Defend American Sovereignty

In another post I stipulated the following:
1. "Life, liberty, and the pursuit of happiness" summarizes the American ideal.

2. America's sovereignty provides a shield behind which Americans may pursue the American ideal.

3. Americans' ability to pursue the American ideal therefore depends on the successful defense of American interests and America's sovereignty.

4. Americans, acting through the state, should defend American interests and America's sovereignty.
The sovereignty of the United States is a shield for the benefits afforded Americans by the U.S. Constitution, most notably the enjoyment of civil liberties, the blessings of more-or-less free markets and free trade, and the protections of a common defense. To cede sovereignty is to risk the loss of those benefits. That is why we must always be cautious in our commitments to international organizations and laws.

We can and should work to make the U.S. more benign, that is, more libertarian. But if we didn't have our somewhat benign state to protect us it's quite likely that we'd live under one that's entirely evil. Remember Hitler and Stalin? Those bad guys were really bad -- and there are plenty more where they came from. Just look around you at the world we live in.

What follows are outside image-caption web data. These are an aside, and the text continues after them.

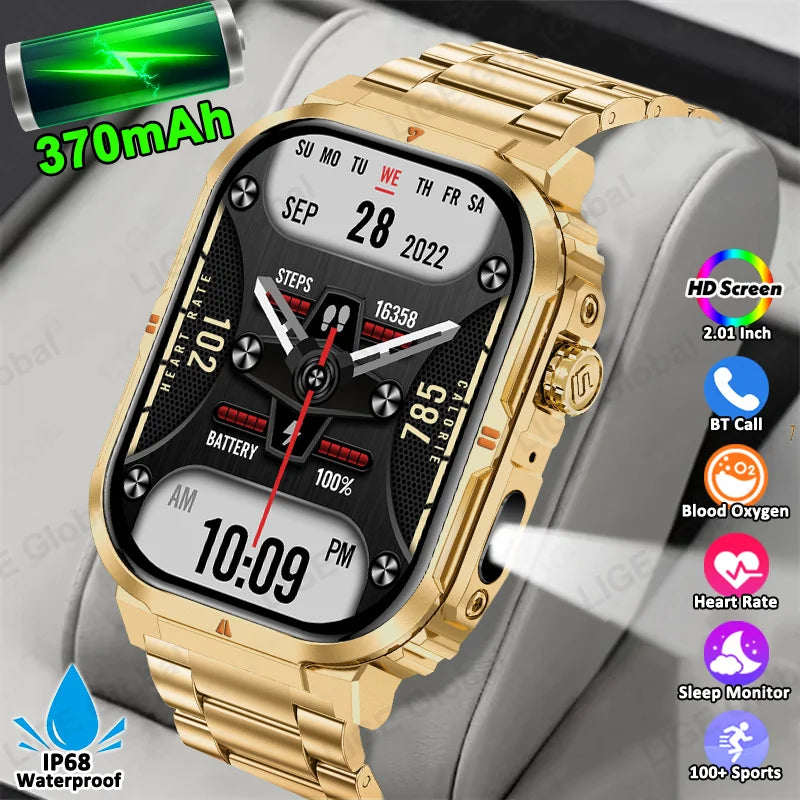 Smartwatch sportivo 2.01\" HD con chiamata, assistente vocale, torcia - IP68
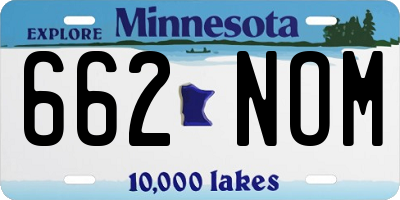 MN license plate 662NOM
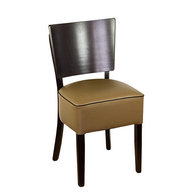 Židle Lido taupe v barvě taupe s paspulí v hnědé barvě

The warmaking power of the United States government is essential to the preservation of America's sovereignty and Americans' liberty. Yet the present Court has cavalierly undermined that warmaking power in its handling of the cases of detainees captured by American armed forces operating lawfully in Afghanistan and Iraq. (See this post and follow the links.) A future Court would do well to heed Justice Felix Frankfurter, who in the case of Korematsu v. United States (1944) said this:
The provisions of the Constitution which confer on the Congress and the President powers to enable this country to wage war are as much part of the Constitution as provisions looking to a nation at peace. And we have had recent occasion to quote approvingly the statement of former Chief Justice Hughes that the war power of the Government is 'the power to wage war successfully.'... Therefore, the validity of action under the war power must be judged wholly in the context of war. That action is not to be stigmatized as lawless because like action in times of peace would be lawless. To talk about a military order that expresses an allowable judgment of war needs by those entrusted with the duty of conducting war as 'an unconstitutional order' is to suffuse a part of the Constitution with an atmosphere of unconstitutionality. The respective spheres of action of military authorities and of judges are of course very different. But within their sphere, military authorities are no more outside the bounds of obedience to the Constitution than are judges within theirs. 'The war power of the United States, like its other powers ... is subject to applicable constitutional limitations',....To recognize that military orders are 'reasonably expedient military precautions' in time of war and yet to deny them constitutional legitimacy makes of the Constitution an instrument for dialectic subtleties not reasonably to be attributed to the hard-headed Framers, of whom a majority had had actual participation in war.

Restore Economic Liberty

The Supreme Court has long since given the States and the central government almost unlimited authority to dictate economic activity. In the wake of Raich and Kelo there is ample commentary about the Court's abuse of the Commerce Clause and the Takings Clause. So, I will turn here to other aspects of economic liberty that future Courts should restore.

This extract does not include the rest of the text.